"Cheer up," I said.
"Oh, it's all right, Augustin," said she. "I've only been a fool."
There seemed nothing else to do, so I kissed her again.
"Fancy, Biarritz with mother!" she moaned. Then she turned on me suddenly, almost fiercely. "But what's the good of asking anything of you? You're afraid of mother still."
I drew back as though she had struck me. A moment later her arms were round my neck.
"Oh, never mind, my dear," she sobbed. "Don't you see I'm miserable? Of course, I must go with her."

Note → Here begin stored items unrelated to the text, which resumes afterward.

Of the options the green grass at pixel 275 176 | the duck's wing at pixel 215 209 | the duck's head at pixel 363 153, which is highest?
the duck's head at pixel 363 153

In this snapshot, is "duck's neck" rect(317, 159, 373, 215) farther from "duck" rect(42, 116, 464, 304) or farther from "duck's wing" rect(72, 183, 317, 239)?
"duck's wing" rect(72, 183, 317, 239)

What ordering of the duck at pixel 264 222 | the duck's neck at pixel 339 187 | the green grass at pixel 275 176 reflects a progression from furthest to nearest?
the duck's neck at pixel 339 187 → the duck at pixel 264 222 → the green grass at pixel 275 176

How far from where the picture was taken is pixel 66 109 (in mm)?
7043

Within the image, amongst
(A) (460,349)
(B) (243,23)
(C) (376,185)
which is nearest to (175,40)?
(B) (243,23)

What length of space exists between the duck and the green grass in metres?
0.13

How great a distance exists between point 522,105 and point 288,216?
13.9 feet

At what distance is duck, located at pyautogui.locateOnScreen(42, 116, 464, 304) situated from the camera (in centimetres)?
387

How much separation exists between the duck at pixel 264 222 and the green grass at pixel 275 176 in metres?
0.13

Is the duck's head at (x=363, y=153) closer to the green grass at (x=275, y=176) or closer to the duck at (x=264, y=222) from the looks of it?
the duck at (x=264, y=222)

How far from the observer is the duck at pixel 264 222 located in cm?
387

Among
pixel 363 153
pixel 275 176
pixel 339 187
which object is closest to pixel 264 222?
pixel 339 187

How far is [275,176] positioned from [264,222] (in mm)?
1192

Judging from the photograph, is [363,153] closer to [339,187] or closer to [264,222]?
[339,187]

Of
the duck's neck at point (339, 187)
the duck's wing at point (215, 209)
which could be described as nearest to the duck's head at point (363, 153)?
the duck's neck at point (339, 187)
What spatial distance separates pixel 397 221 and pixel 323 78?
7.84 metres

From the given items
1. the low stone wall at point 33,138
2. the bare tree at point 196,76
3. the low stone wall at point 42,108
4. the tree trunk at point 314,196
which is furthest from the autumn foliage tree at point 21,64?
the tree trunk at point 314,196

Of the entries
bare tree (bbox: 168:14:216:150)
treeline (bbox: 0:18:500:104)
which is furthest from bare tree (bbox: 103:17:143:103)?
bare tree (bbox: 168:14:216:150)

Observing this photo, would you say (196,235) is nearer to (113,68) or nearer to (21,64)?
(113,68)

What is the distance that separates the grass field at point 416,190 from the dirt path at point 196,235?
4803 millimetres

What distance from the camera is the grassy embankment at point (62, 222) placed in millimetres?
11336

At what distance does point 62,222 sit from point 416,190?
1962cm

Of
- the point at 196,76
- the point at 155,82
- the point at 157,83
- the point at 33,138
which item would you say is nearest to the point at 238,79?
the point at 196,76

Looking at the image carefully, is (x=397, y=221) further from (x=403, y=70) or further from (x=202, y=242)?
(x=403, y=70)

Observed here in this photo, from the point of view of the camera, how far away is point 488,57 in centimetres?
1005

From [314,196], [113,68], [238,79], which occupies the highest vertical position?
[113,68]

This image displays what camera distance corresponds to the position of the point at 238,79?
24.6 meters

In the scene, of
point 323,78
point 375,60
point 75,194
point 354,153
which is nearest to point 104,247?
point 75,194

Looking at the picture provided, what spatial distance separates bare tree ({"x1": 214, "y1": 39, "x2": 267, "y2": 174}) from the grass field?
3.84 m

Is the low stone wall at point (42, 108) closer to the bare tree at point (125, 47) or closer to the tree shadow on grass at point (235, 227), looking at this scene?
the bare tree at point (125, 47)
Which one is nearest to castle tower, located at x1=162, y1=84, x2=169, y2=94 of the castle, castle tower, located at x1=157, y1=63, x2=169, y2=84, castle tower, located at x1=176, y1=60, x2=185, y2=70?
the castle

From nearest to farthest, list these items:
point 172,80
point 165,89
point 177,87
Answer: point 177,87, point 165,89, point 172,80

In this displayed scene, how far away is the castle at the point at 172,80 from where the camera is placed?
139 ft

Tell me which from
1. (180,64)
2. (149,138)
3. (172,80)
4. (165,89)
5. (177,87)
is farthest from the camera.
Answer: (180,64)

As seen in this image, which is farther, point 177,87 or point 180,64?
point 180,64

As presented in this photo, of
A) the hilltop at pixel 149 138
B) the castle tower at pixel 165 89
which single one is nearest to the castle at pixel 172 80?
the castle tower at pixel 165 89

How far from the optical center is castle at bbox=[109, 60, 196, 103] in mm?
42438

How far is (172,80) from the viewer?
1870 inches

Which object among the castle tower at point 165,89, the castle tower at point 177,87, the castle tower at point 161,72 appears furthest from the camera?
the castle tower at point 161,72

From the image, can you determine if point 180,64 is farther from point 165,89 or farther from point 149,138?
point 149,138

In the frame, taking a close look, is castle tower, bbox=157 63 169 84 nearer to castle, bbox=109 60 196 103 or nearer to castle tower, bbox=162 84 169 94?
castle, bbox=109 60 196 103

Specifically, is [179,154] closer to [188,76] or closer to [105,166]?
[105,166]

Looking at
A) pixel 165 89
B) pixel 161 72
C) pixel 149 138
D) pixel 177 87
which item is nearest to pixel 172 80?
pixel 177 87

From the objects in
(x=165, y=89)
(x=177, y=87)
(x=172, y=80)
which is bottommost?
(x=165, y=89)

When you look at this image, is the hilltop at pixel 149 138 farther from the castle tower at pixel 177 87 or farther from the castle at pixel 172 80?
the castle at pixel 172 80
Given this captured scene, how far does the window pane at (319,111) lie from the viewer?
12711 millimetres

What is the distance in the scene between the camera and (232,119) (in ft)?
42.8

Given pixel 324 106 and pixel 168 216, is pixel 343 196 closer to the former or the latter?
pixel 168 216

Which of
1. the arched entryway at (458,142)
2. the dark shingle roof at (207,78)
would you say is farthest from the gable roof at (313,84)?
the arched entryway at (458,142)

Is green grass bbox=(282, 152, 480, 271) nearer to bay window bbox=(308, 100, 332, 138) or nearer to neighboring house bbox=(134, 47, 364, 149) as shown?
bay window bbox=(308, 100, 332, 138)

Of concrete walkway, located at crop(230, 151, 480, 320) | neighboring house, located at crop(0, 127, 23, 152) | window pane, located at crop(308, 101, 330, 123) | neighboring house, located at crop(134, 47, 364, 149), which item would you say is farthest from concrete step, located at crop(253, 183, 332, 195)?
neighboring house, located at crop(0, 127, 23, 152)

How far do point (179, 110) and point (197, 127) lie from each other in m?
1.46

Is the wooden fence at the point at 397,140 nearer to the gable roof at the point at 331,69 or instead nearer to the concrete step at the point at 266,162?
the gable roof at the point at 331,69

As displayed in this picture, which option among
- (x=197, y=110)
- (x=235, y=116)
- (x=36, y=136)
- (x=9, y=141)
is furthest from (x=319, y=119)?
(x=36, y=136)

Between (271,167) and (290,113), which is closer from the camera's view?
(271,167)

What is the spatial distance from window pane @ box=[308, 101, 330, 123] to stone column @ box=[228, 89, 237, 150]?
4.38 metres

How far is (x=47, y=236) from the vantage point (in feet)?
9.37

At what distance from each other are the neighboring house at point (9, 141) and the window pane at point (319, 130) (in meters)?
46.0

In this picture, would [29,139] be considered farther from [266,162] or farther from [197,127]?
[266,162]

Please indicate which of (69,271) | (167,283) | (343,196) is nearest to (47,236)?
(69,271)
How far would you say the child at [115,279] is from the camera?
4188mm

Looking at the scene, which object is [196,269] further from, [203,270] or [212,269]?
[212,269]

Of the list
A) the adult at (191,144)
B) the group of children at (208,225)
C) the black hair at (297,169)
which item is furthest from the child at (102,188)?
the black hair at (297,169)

I had never supposed that any other course was practicable. The introduction of myself into the business had been but a move in the game. Nevertheless it marked the beginning of a new position for me, as rich in discomfort as, according to my experience, are most extensions of power.
CHAPTER VI.
A STUDENT OF LOVE AFFAIRS.
The departure to Biarritz was carried through without further overt hostilities. It chanced to be holidays with me, all my tutors were on their vacation, my governor, Vohrenlorf, on a visit at Berlin. Hearing of my solitude, he insisted on making arrangements to return speedily; but for a few days I was left quite alone, saving for the presence of my French body-servant Baptiste. I liked Baptiste; he was by conviction an anarchist, by prejudice a freethinker; one shrug of his shoulders disposed of the institutions of this world, another relegated the next to the limbo of delusions. He was always respectful, but possessed an unconquerably intimate manner; he could not forget that man spoke to man, although one might be putting on the other's boots for him. He regarded me with mingled affection and pity. I had overheard him speaking of le pauvre petit roi; the point of view was so much my own that from the instant my heart went out to Baptiste. Since he attributed to me no sacro-sanctity, he was not officious or persistent in his attendance while he was on duty; in fact he left me very much to my own devices. To my mother he was polite but cold; he adored Victoria, declaring that she was worthy of being French; his great hatred was for Hammerfeldt, whom he accused of embodying the devil of Teutonism. Hammerfeldt was aware of his feelings and played with them, while he trusted Baptiste more than anybody about me. He did not know how attached I was to the Frenchman, and I did not intend that he should learn. I had received a sharp lesson with regard to parading my preferences.